1. A welding device, comprising: a body configured to route power;a first inlet and a first outlet formed on the body, the first inlet configured to receive a shielding gas;a first channel extending through the body and connecting the first inlet and the first outlet;a second inlet and a second outlet formed on the body, the second inlet configured to receive a coolant;a second channel extending through the body and connecting the second inlet with the second outlet, the second channel having a convoluted portion comprising a plurality of segments configured to increase a proportion of the second channel relative to the body.

2. The welding device of claim 1, wherein the convoluted portion is proximal to the first outlet.

3. The welding device of claim 1, wherein the plurality of segments includes a plurality of arcuate segments.

4. The welding device of claim 3, wherein the plurality of arcuate segments encircles a portion of the first channel adjacent the first outlet.

5. The welding device of claim 4, wherein the plurality of arcuate segments forms a serpentine segment.

6. The welding device of claim 3, wherein the plurality of arcuate segments forms a spiral segment or a helical segment.

7. The welding device of claim 1, wherein the second channel includes a plurality of the convoluted portion, configured to maximize the proportion of the second channel relative to the body.

8. The welding device of claim 7, wherein the first outlet includes a plurality of splayed segments connected to the first channel, configured to disburse the shielding gas received by the first outlet.

9. The welding device of claim 8, wherein the first outlet is configured for coupling with a diffuser cup.

10. The welding device of claim 9, wherein the first inlet comprises a first solder fitting and the second inlet comprises a second solder fitting.

11. The welding device of claim 10, wherein the first outlet further comprises a torch collet configured for holding an electrode.

12. The welding device of claim 11, wherein the body comprises a conductive material configured to route the power directly through the body.

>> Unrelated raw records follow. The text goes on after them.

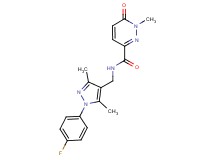 N-{[1-(4-fluorophenyl)-3,5-dimethyl-1H-pyrazol-4-yl]methyl}-1-methyl-6-oxo-1,6-dihydro-3-pyridazinecarboxamide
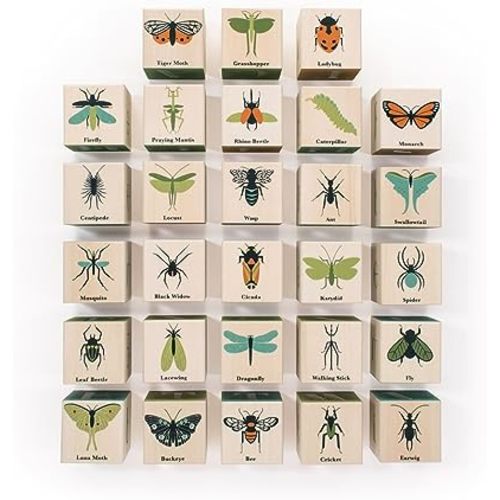 Uncle Goose Bug Blocks - Made in The USA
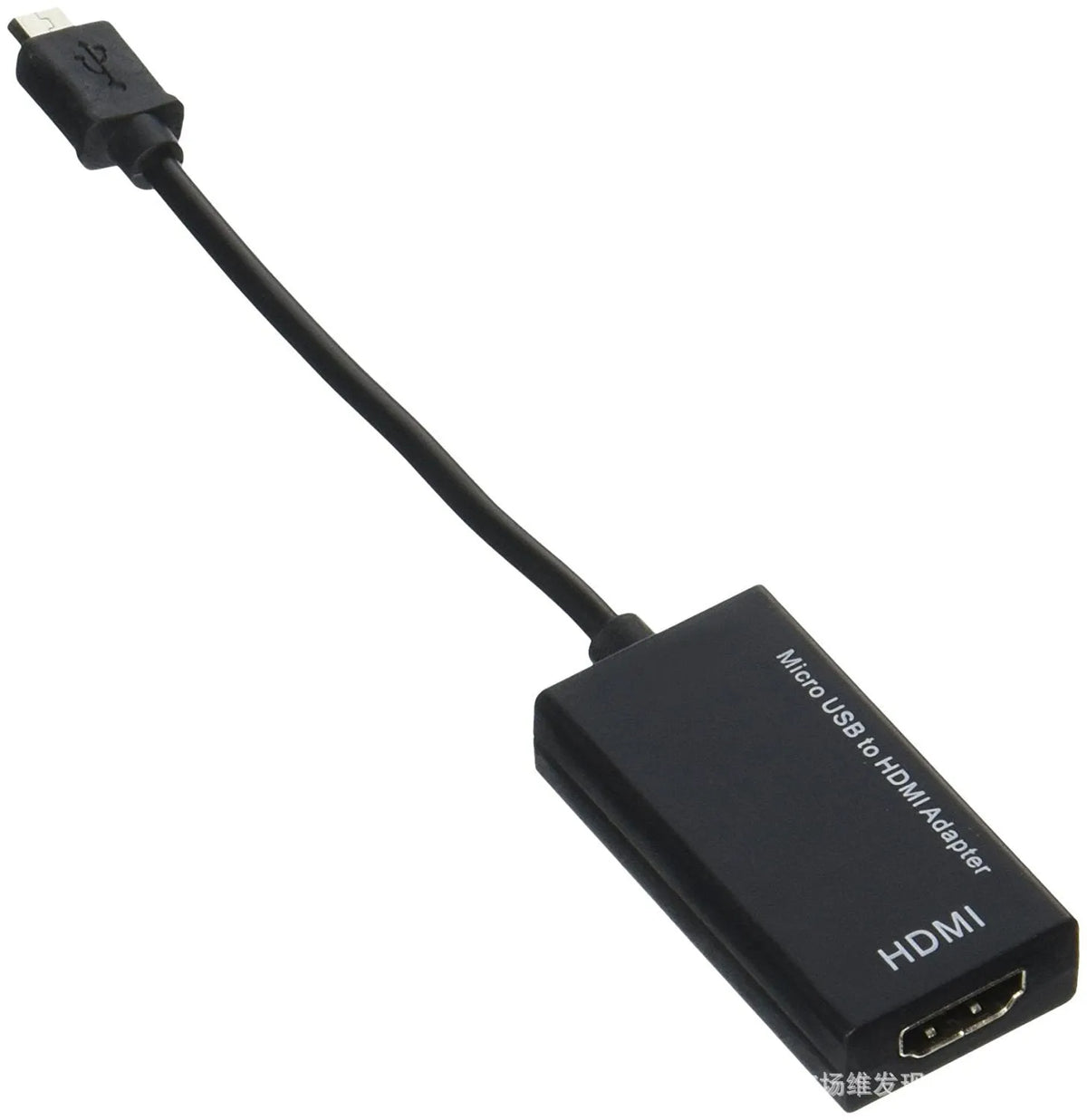 Black braided nylon HD to HDMI adapter cable with gold-plated micro-HDMI and HDMI connectors.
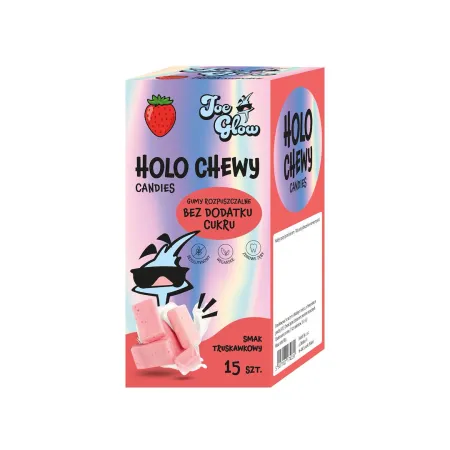 Gumy rozpuszczalne truskawkowe bez cukru i glutenu 90 g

13. The welding device of claim 12, wherein the conductive material is copper.

14. The welding device of claim 1, further comprising: an input port and an output port formed on the body, anda third channel extending through the body for housing an electrically insulated power line, the third channel connecting the input port and the output port.

15. The welding device of claim 1 manufactured using an additive manufacturing process.

16. A method of manufacturing a welding device using a 3D printer, comprising: printing successive layers of a material to form a three-dimensional body having a first inlet, a first outlet, a second inlet, and a second outlet, the plurality of layers including: a first subset of adjoining layers each having respective first spaces devoid of the material, for defining a first channel extending through the body for pathing a shielding gas, the first channel connecting the first inlet and the first outlet, anda second subset of adjoining layers each having respective second spaces devoid of the material, for defining a second channel for pathing a coolant, the second channel extending through the body and connecting the second inlet and the second outlet, the second channel having a convoluted portion comprising a plurality of segments configured to increase a proportion of the second channel relative to the body.

17. The method of claim 16, wherein the material is a conductive material.

18. The method of claim 17, wherein printing the successive layers of the material to form the three-dimensional body further comprises forming an input port and an output port on the body, the plurality of layers further comprising: a third subset of adjoining layers each having respective third spaces for defining a third channel extending through the body between the input port and the output port, the third channel configured for housing an electrically insulated power line.